Through this difficult period, most Acadians adhered to the policy of neutrality, which had been recognized by the Nova Scotia authorities in a qualified oath of allegiance sworn before Governor Philipps in 1729 and 1730. In 1755, on the eve of the Seven Year War, the acting governor and the Council of Nova Scotia decided to force the Acadians to take the standard unqualified oath, and, if they refused, to deport them. The Acadian representatives did refuse.

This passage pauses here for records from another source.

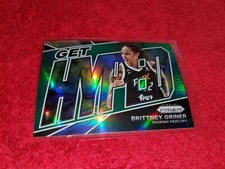 2022 PRIZM WNBA #9 BRITTNEY GRINER GREEN GET HYPED SP
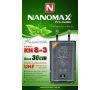 Loa Kéo Nanomax KN 8-3 Bass 30cm 400w Karaoke Bluetooth (kèm 2 mic không dây)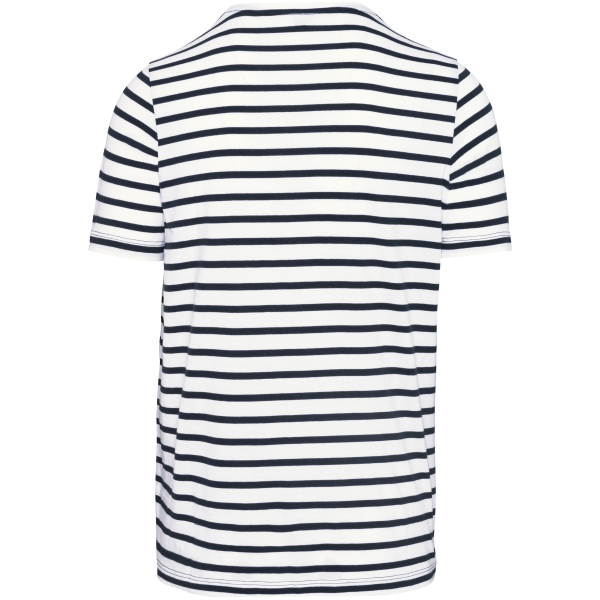 T-shirt rayé marin avec poche manches courtes homme – Image 8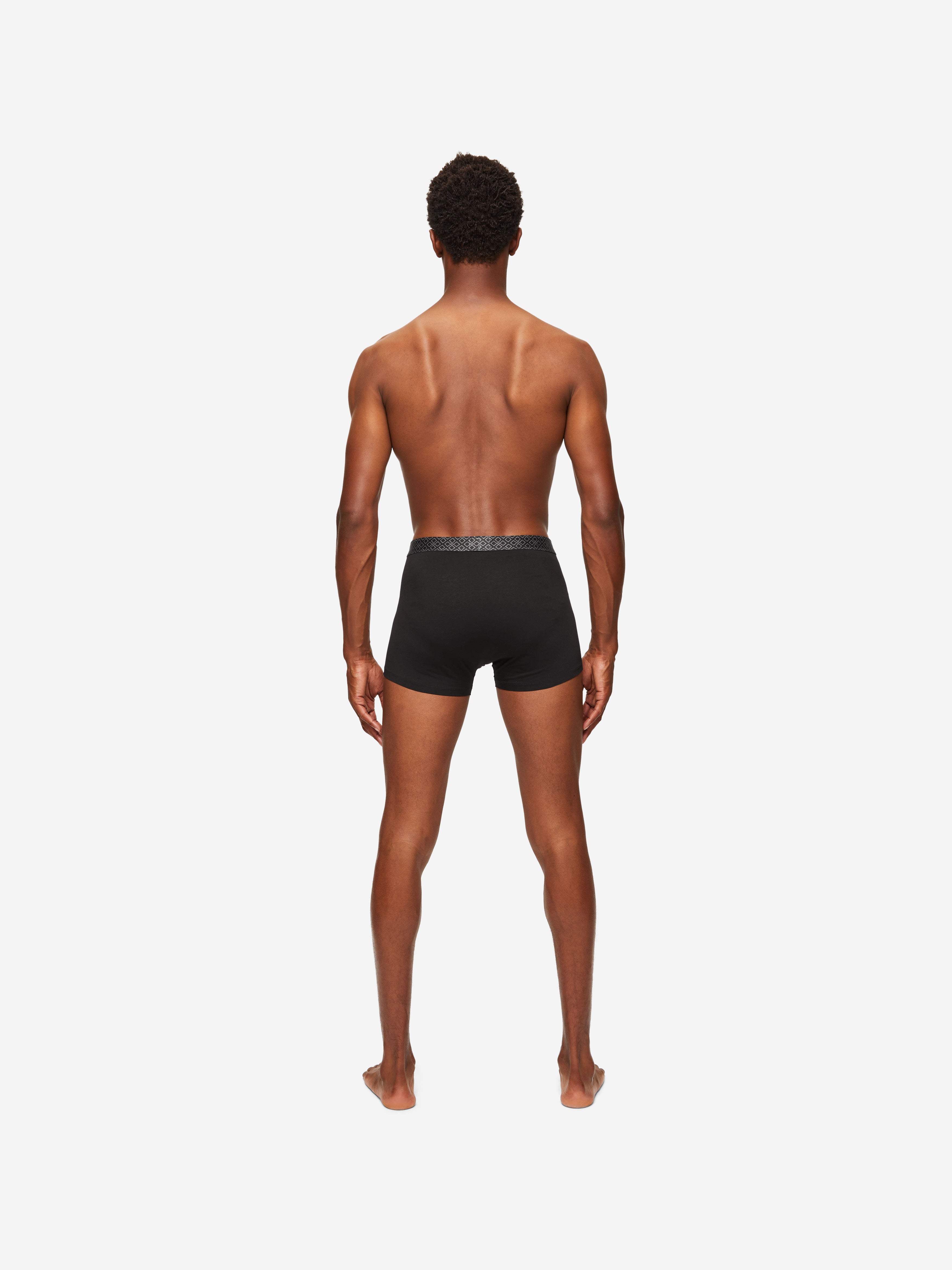 Men's Boxer Briefs Band 57 Pima Cotton Stretch Black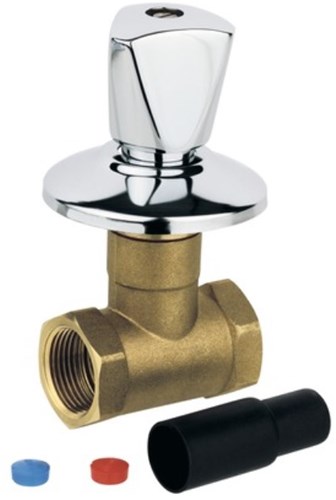 Kirchhoff Inbouwkraan, chroom 22 mm, met rozet - 986512113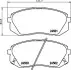 Фото Комплект гальмівних колодок (дискових) (передніх) Hyundai i40/ix35/Kia Sportage 10 HELLA (8DB355012-961) зображення 2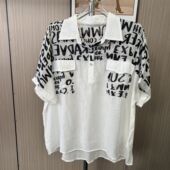 衬衫 4031撤柜cg大码 上衣 新款 衬衣短袖 女装 雪纺夏季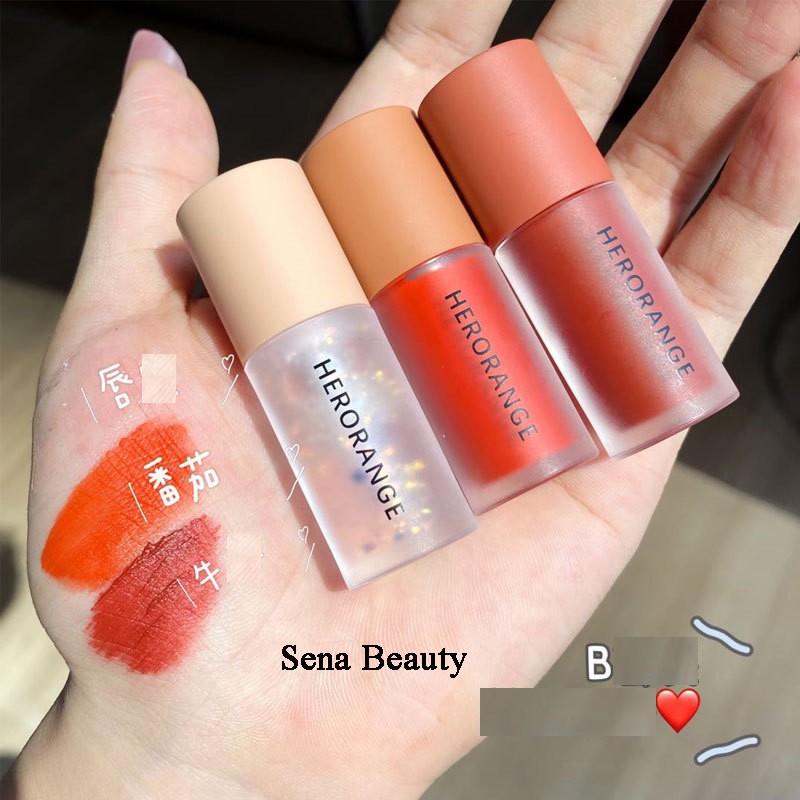 Set son kem lì 3 cây HerOrange LÙN The Feeling Of Heart Senabeauty | BigBuy360 - bigbuy360.vn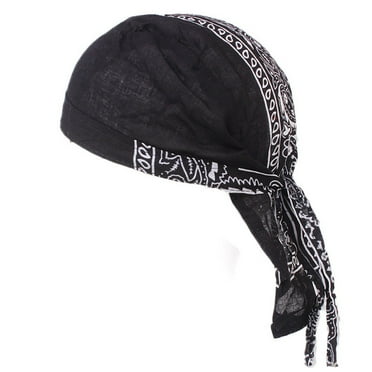 Fairnull Cotton Men Women Pirates Cycling Cap Bike Headband Hat Bandana Headcloth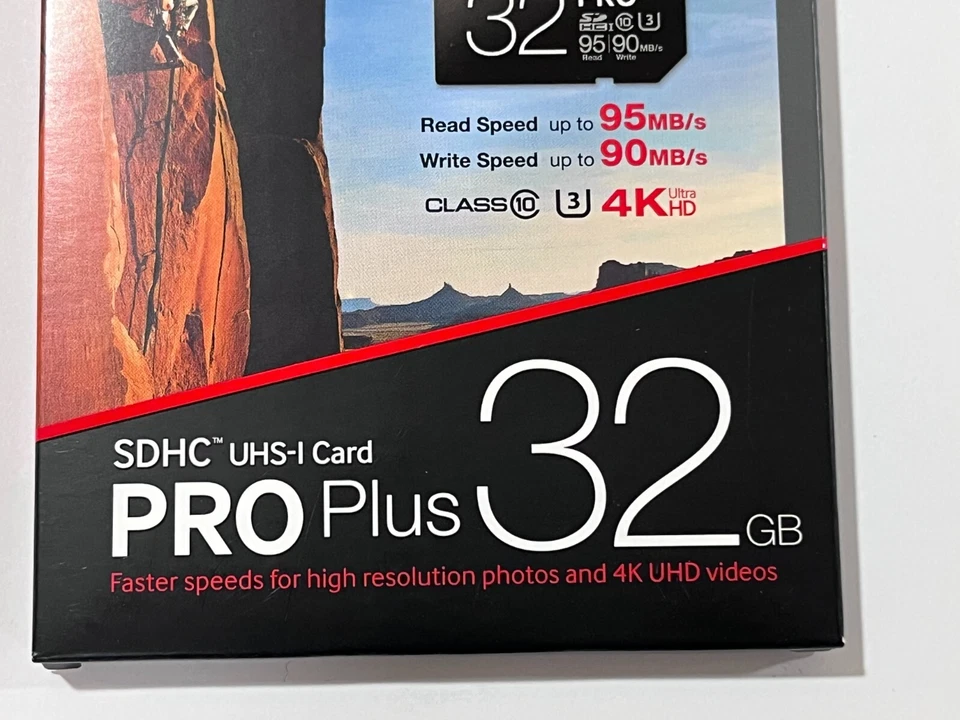 New Samsung 32GB PRO+ UHS-I SDHC U3 Memory Card (Class 10) MB-SD32D/AM - Image 2 of 4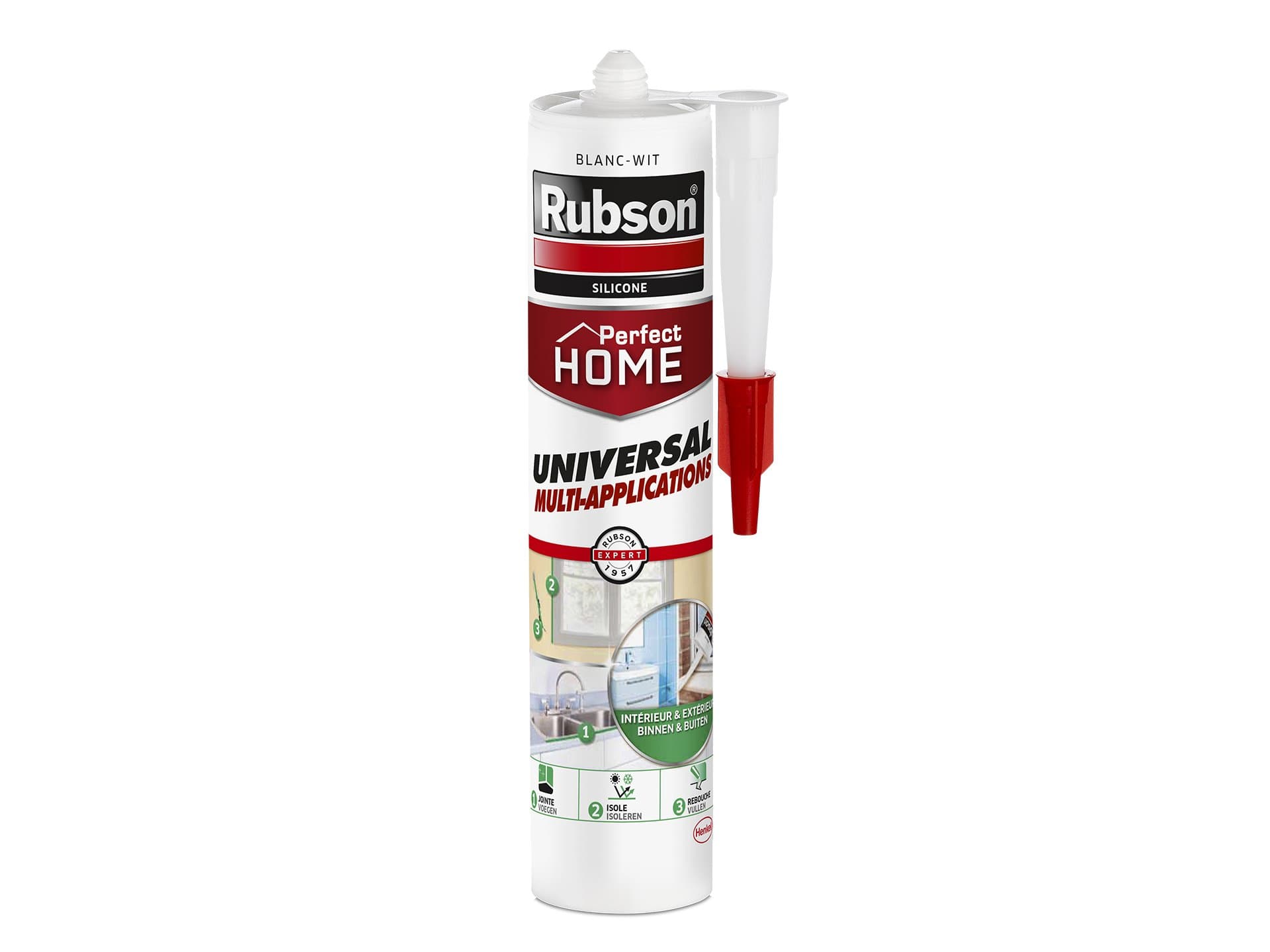 RubsonUniversal Silicone, White, 1680048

Stain glass window depicting the Deportation of the Acadians of 1755 in the commemorative church at Grand-Pré.
Stain glass window depicting the Deportation of the Acadians of 1755 in the commemorative church at Grand-Pré.
© François Gaudet, 2000

Lieutenant-Colonel John Winslow from New England was placed in charge of the Deportation from the area of Les Mines. In all, some 2,200 Acadian men, women and children were deported from Les Mines, about a third of the nearly 6,000 Acadians deported from Nova Scotia in 1755.

In 1764, the British authorities finally permitted Acadians to return to Nova Scotia. Their former lands, however, had been settled by New England Planters in the intervening years. Acadians were forced to settle elsewhere in Nova Scotia, New Brunswick, Prince Edward Island and Québec.